Ajay Mathur

REVIEW: Ajay Mathur “Talking Loud”


Ajay Mathur – Talking Loud

This gets off to a blaring energetic start but it’s what good Americana R&R is about & Grammy-nominated artist Ajay Mathur certainly knows how to dole it out MMA style. This 15-track CD is not just played it’s performed with gusto starting with “Sooner or Later.”

Mathur (electric/acoustic guitars/e-bow guitar/organ/keys/field recordings) has sparkling arrangements & an extremely tight band. They obviously understand the thrust of the genre better than most. The music excites & entertains.

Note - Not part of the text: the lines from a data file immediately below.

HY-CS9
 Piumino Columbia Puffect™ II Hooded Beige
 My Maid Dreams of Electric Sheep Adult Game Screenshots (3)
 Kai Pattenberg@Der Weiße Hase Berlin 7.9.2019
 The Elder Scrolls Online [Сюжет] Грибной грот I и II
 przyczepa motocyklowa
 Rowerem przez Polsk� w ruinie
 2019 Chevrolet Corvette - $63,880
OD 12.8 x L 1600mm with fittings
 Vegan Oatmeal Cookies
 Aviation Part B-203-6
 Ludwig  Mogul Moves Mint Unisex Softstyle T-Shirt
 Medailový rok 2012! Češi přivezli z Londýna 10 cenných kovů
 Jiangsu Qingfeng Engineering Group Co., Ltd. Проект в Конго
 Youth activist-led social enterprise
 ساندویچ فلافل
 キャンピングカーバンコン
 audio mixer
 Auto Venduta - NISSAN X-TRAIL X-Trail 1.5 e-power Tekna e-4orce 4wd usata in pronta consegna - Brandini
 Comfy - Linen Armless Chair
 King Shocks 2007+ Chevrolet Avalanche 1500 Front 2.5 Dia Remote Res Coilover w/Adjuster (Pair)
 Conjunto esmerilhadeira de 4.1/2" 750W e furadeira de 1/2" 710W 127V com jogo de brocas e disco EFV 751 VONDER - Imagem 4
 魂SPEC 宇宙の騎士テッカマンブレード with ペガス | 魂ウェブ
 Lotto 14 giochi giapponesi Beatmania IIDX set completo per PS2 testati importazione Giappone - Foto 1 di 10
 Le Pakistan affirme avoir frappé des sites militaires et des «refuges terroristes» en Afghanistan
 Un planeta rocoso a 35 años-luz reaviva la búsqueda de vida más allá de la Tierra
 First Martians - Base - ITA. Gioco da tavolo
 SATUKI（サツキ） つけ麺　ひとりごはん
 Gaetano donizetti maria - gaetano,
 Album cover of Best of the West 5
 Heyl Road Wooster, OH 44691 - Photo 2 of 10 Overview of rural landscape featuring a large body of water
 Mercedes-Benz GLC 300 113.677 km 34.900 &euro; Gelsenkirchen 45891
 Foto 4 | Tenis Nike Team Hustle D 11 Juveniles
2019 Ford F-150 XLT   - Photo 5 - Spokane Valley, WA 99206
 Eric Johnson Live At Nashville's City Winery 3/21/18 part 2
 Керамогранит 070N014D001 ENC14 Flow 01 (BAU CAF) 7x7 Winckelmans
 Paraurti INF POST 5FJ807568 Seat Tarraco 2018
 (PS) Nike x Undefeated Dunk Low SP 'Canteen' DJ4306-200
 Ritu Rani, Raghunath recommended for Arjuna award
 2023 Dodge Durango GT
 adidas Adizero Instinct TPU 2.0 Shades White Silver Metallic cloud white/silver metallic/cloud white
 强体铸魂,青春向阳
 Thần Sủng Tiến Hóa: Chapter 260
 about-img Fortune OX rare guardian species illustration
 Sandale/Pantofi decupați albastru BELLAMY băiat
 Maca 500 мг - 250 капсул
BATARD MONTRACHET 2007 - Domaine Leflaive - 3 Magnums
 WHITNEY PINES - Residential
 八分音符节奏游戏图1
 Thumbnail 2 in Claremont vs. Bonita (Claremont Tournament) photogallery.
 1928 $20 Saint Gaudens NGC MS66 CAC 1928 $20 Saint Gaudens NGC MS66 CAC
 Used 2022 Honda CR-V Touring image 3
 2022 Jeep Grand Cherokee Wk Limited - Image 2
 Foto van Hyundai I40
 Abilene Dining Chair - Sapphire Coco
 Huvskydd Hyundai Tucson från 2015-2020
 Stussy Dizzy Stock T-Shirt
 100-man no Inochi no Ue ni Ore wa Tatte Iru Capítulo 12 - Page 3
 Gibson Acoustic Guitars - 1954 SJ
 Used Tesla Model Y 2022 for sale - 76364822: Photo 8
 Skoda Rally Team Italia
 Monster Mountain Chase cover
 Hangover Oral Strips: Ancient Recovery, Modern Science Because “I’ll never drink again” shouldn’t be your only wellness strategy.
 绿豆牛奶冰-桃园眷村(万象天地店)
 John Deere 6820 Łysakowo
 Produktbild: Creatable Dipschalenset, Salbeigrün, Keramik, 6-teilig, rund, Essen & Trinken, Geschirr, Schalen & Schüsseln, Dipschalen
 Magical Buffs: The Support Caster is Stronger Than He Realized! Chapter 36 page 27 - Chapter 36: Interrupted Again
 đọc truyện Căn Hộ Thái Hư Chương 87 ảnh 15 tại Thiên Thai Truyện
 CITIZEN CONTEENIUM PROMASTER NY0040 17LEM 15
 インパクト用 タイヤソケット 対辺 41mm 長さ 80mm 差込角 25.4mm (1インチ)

Ajay has the perfectly ambitious voice & reminds me of Steve Swindells (“Fresh Blood” LP) — a rocker who recorded for RCA & later Atlantic Records that had stridency though his was a bit darker lyrically & had aggressive melodies. Ajay has the musical muscle too, but his approach is more commercially acceptable with this ambitious distinguished material.

Ajay Mathur

Even on slower songs like the piano-driven (“Anytime At All”), Ajay maintains the strength & stamina of the genre with no pomposity. Talking Loud (Dropped March 4–Independent) was self-produced & recorded in Switzerland. “Don’t Want The Phone To Ring,” exemplifies soul, the plodding beat & melodic guitars reinforce the seldom chosen musical theme. The underlying hook “I’m a million miles away,” is infectious.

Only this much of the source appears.